Enda Kenny was an unlikely leader handed the reins of power during one of Ireland’s most tumultuous economic upheavals.
Dismissed by many early on as a lightweight, he arguably confounded critics by forging an international reputation for decisiveness with a ruthless instinct for political survival.
The fitness fanatic and father-of-three’s renowned energy and optimism made him, some say, the right man for the job at the time.
Others accuse him of putting his own late-blossoming political ambition before the best interests of the country.
The former national school teacher from Castlebar, Co Mayo, was first elected to the Dail - taking his late father’s seat - in 1975.
Despite a few years as Tourism Minister in the 1990s, his first quarter of a century in national politics was unremarkable.
When he eventually stood for the leadership of Fine Gael in 2001, he vowed to electrify the party.
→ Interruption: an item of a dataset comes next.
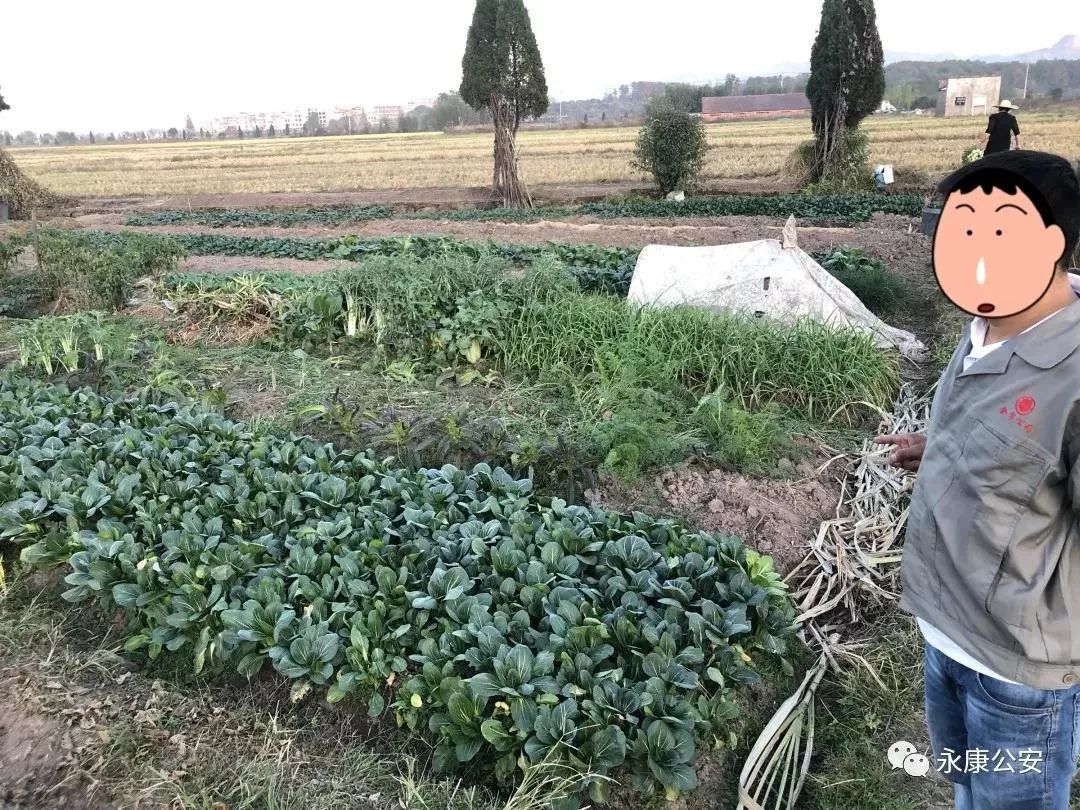 原来偷菜游戏叫啥,80后爱玩的偷菜游戏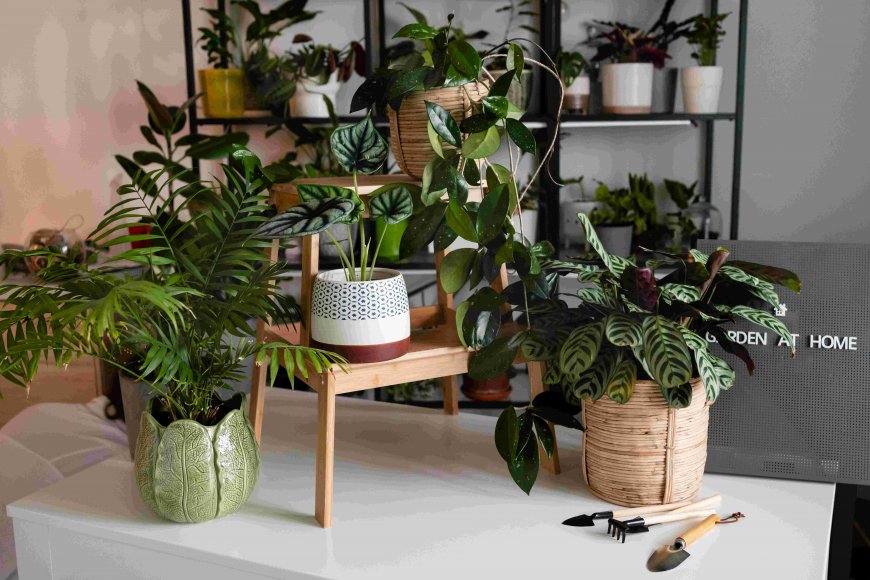 How to Care for Indoor Plants in Sydney’s Climate: Tips & Tricks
It was quipped he was more likely to electrocute them, such was his relative obscurity and the party’s dwindling relevance.
In the event, he lost out to Michael Noonan, but with undoubted tenacity ran again to take control of the battered ranks after a disastrous showing at the polls a year later.
Within a few more years - dramatic years, as Ireland was thrust from boom to bust - Kenny had rebuilt Fine Gael into a force that won trust among rising numbers of voters to clear up a mess presided over by their arch rivals Fianna Fail.
Sweeping to victory in the 2011 general election - the country still reeling from an historic economic implosion - he grandiosely declared a democratic revolution.
In reality, his resurgent party had to enter a coalition with Labour to take control.
Rejecting his caricature as a lucky general, he set about stewarding Ireland back on track to recovery, with the help of an austerity road-map imposed by the International Monetary Fund, European Central Bank and the European Union troika.
While never particularly popular at home, he forged a persona for himself overseas and soon saw himself in the role of international statesman.
Alongside the headline “The Celtic Comeback”, he became the first Irish leader since Sean Lemass to make the cover of Time magazine’s European edition.
By the end of 2013 he had freed Ireland from the shackles of its troika masters, officially exiting the humiliating international bailout programme.
Like a phoenix from the ashes, the Irish economy became the fastest growing in Europe again and unemployment nose-dived.
But many believe Kenny could have got a better deal from the bailout, which still leaves Irish taxpayers shouldering massive debts to cover speculators and investors after the banks collapsed.
Convinced of his trajectory, he led his party again into the 2011 general election urging the country to “Keep the Recovery Going”.
Huge numbers, who weren’t feeling any recovery but were still suffering from bruising austerity measures, turned against Fine Gael as well as Labour.
The coalition was pummelled but Kenny kept his job.
Proving once again his mettle as a political survivor, he offered Fianna Fail a once unthinkable “grand coalition” with his depleted ranks.
After months of horse-trading, he agreed to lead a new minority government, propped up by the old enemy.
An era of “new politics” was promised but in effect the tethered administration has been slow to make any changes.
Nonetheless, Kenny achieved his ambition of being the longest serving Fine Gael Taoiseach and the only one re-elected.
His unprecedented attack on the Vatican over clerical child abuse cover-ups will go down as a career highlight.
He also claimed credit for helping swing the gay marriage referendum, which made headlines around the world.
But his failure to get to grips with the depth of feeling at home on the imposition of water charges amid a welter of tax hikes and levies, the spiralling homelessness crisis as well as countless controversies which have rocked the Garda loom large over his premiership.